◆ **EXERCISE REQUIREMENTS**:
Only the lines from the one with "ジップパーカ / 252509" through the last line of the records below belong in your answer, reproduced exactly and with the pictures left out.

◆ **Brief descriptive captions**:
....

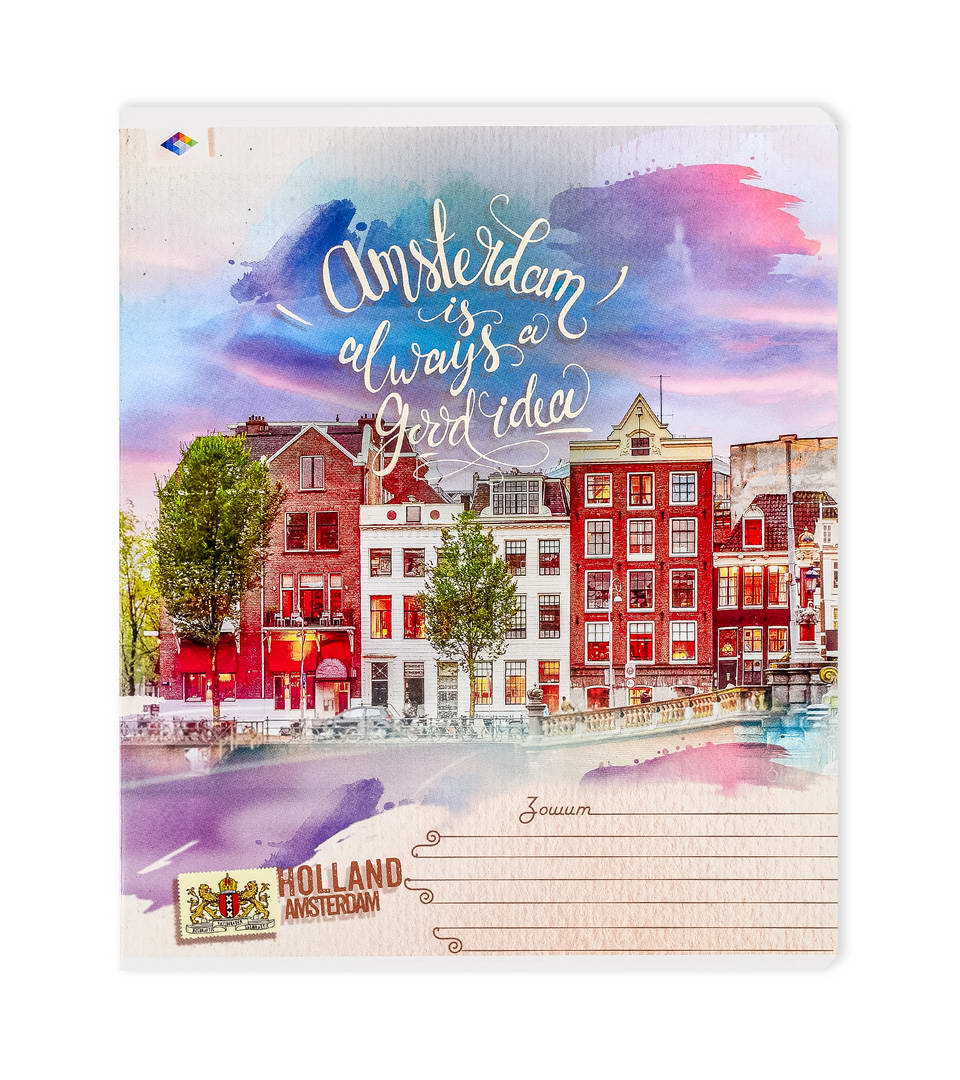 Зошити загальні “Голландія” фото 3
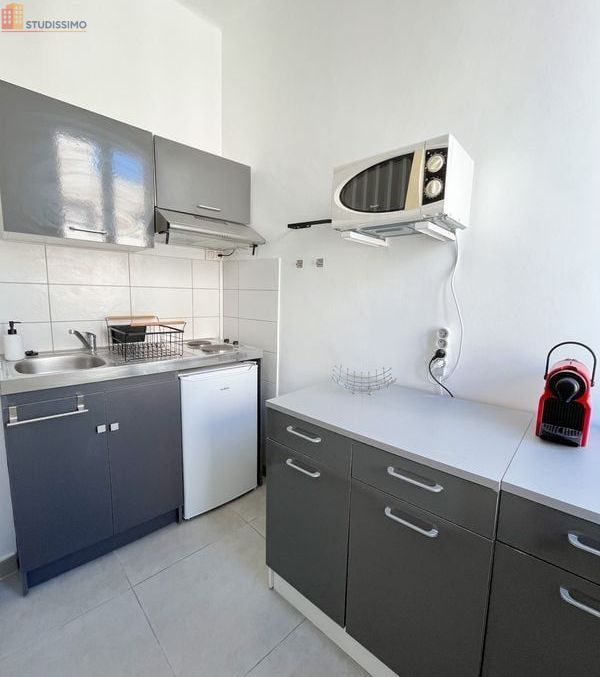 Studio meublé 22m² Toulon 83000 - Meublé, DPE C - Photo 5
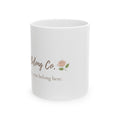 You Belong Co. Inspirational Rose Ceramic Mug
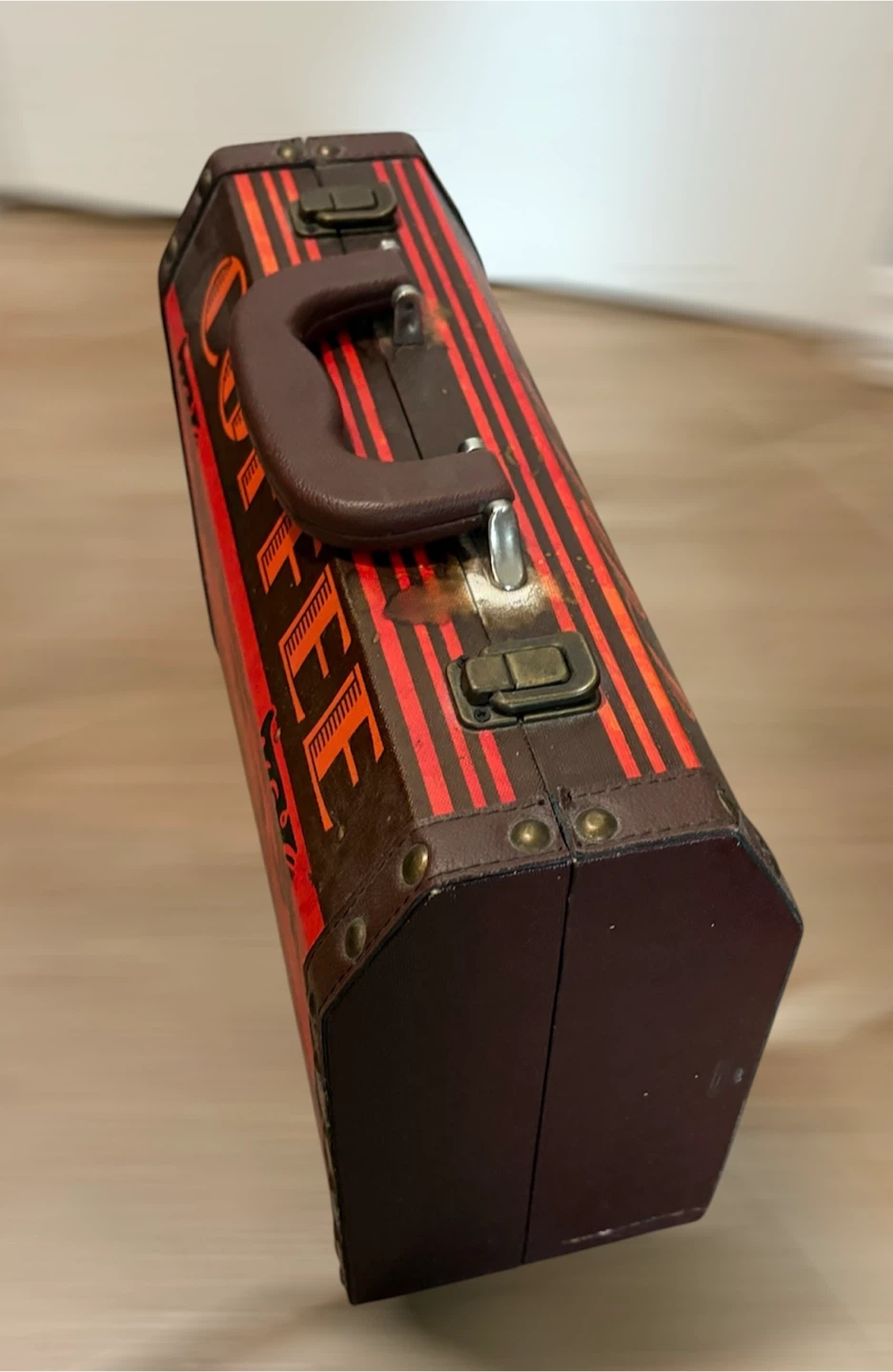 Vintage Style Coffee Arabica Decorative Storage Case - photo 3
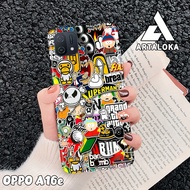 Case Oppo A16e - Casing Oppo A16e ARTALOKA { YL 16 } Silikon Oppo A16e - Case Hp Oppo A16e - Cassing
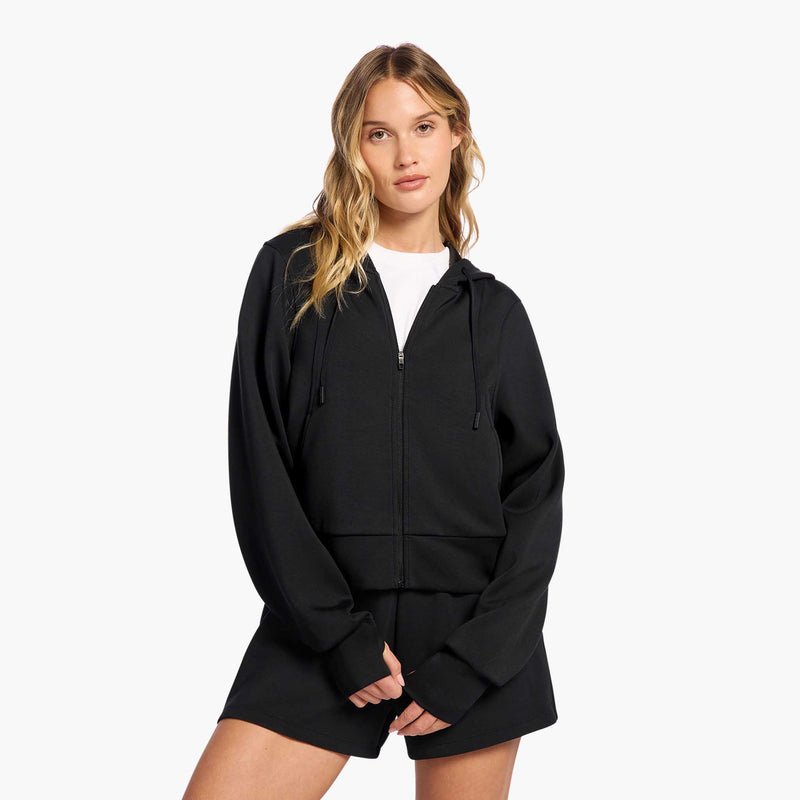 Soft Motion Zip Hoodie image 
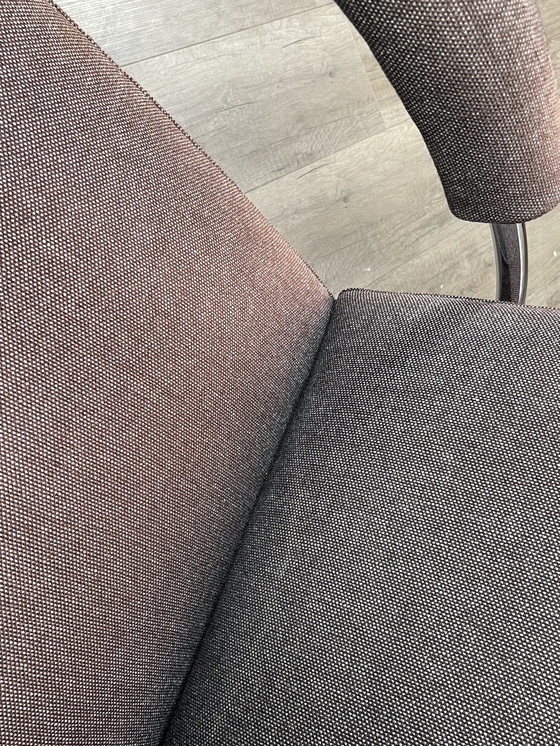 Image 1 of Dyker 20 Braun/ Grau Sessel von Anton Lorenz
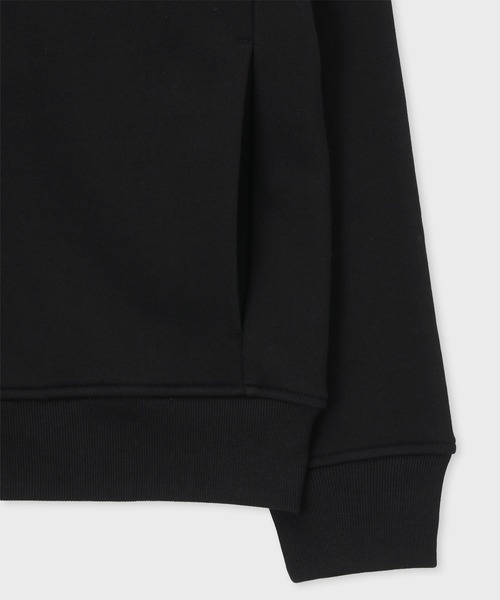 PS Paul Smith（ピーエスポールスミス）の「"Sports Stripe" ジップパーカ / 252509 098ZB（パーカー・メンズ・ブラック・MEDIUM/LARGE/X-LARGE）」の3枚目の写真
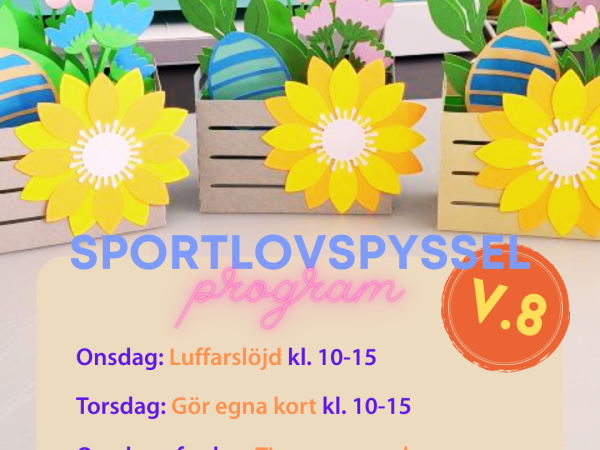Sportlovspyssel v.8
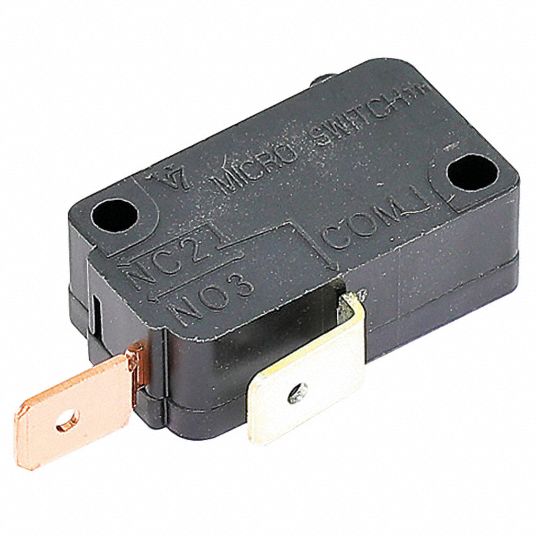 HONEYWELL MICRO SWITCH, Fits Honeywell Brand, V7-1Z29E9, Mini 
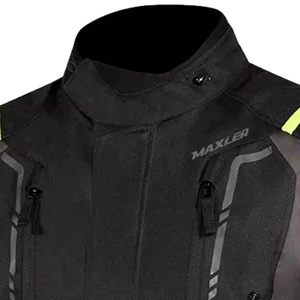 Veste de moto en cuir légère unisexe CE approuvé évents amovibles Sportswear grande taille - Product Image 5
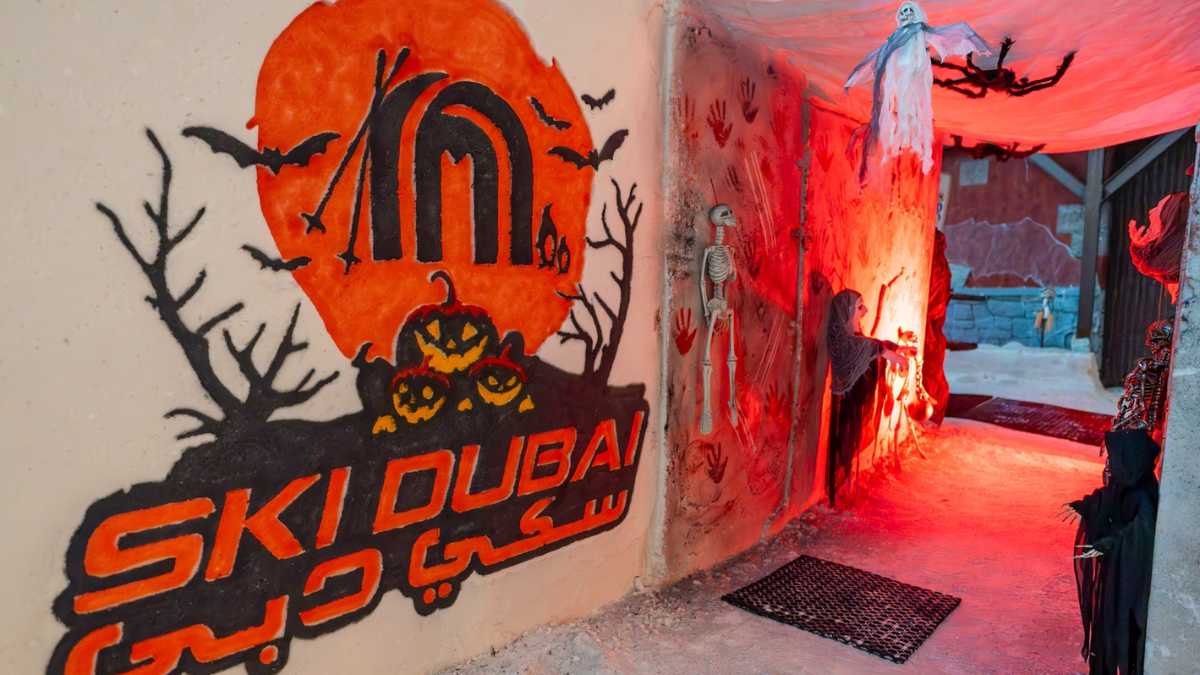 Experience Thrills and Chills this Halloween at Ski Dubai with Frightober Passes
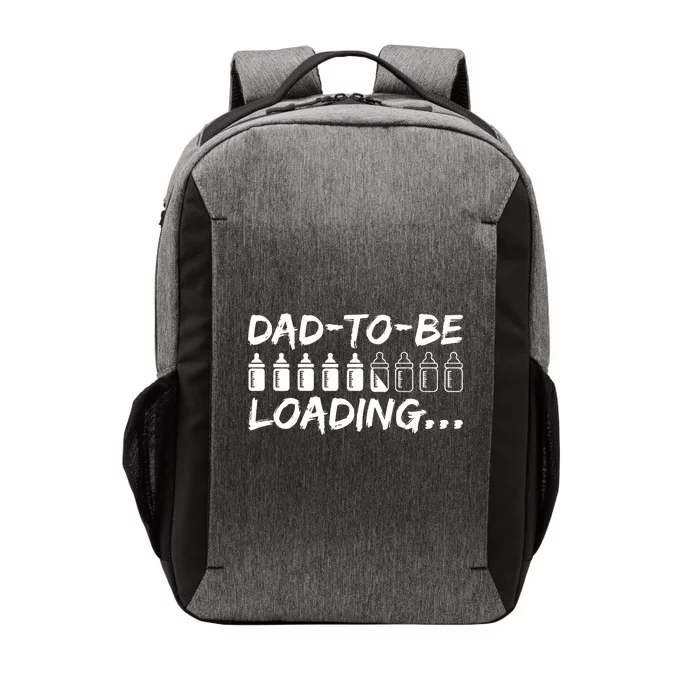 Dad To Be Loading Future Daddy Vector Backpack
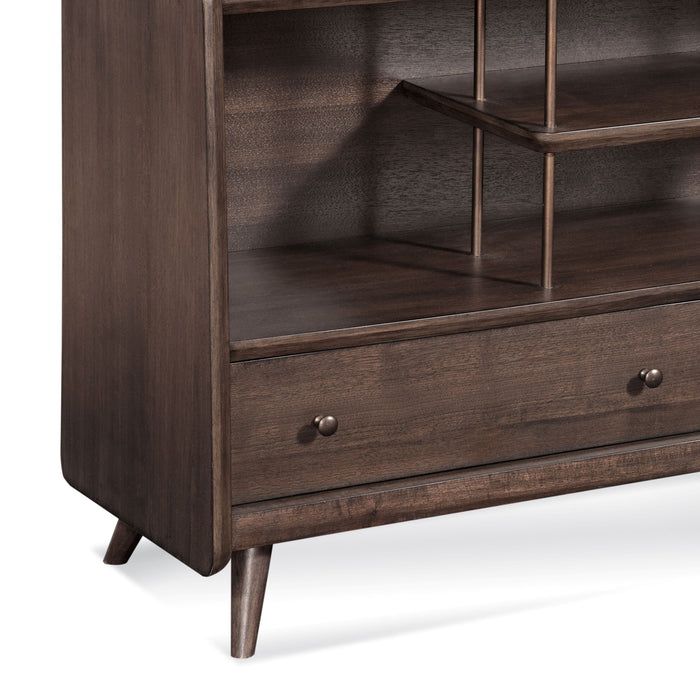 Wallace - Media Console - Brown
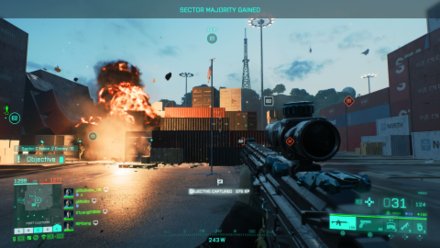 Battlefield 2042 - Capture Sectors With Your Team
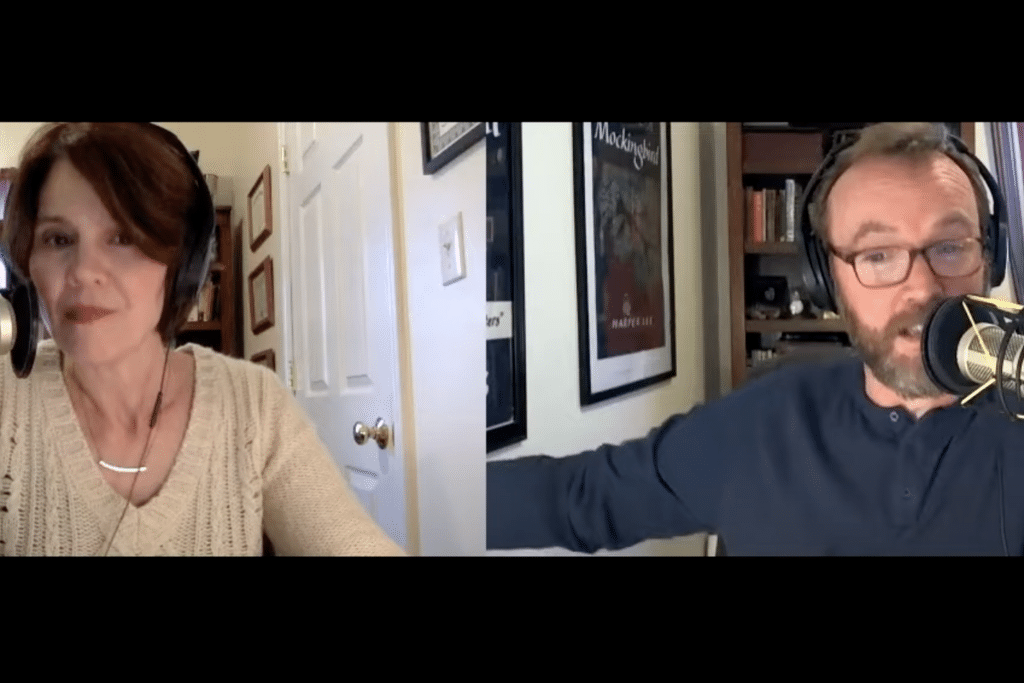 screenshot of webinar content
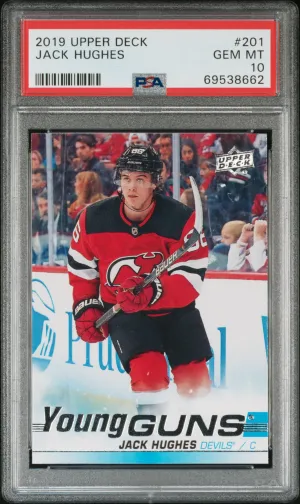 2019 Upper Deck Jack Hughes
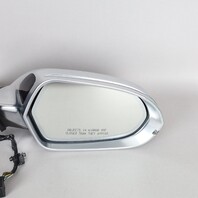 2014-2016 Audi A6 S6 Right Aluminum Door Mirror 4G1857410AE OEM Used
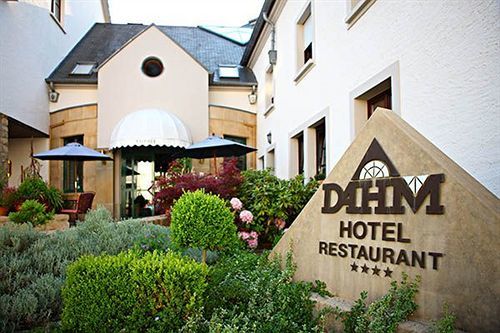 Hotel - Restaurant Dahm Erpeldange Екстериор снимка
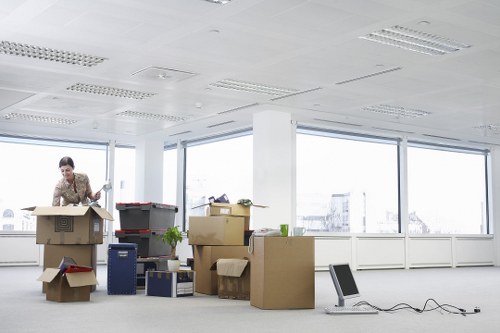 Professional furniture handling during a Pimlico home removal
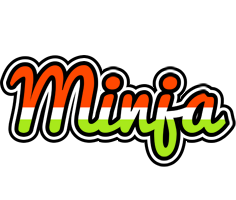 Minja exotic logo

....

◆ **SOLVED PROBLEM**:
 PS Paul Smith（ピーエスポールスミス）の「"Sports Stripe" ジップパーカ / 252509 098ZB（パーカー・メンズ・ブラック・MEDIUM/LARGE/X-LARGE）」の3枚目の写真
Sportlovspyssel v.8
 HONEYWELL MICRO SWITCH, Fits Honeywell Brand, V7-1Z29E9, Mini 
 Veste de moto en cuir légère unisexe CE approuvé évents amovibles Sportswear grande taille - Product Image 5
 Experience Thrills and Chills this Halloween at Ski Dubai with Frightober Passes
 Dad To Be Loading Future Daddy Vector Backpack
 Wallace - Media Console - Brown
 Battlefield 2042 - Capture Sectors With Your Team
 screenshot of webinar content
 2019 Upper Deck Jack Hughes
 2014-2016 Audi A6 S6 Right Aluminum Door Mirror 4G1857410AE OEM Used
 Hotel - Restaurant Dahm Erpeldange Екстериор снимка
 Professional furniture handling during a Pimlico home removal
 Minja exotic logo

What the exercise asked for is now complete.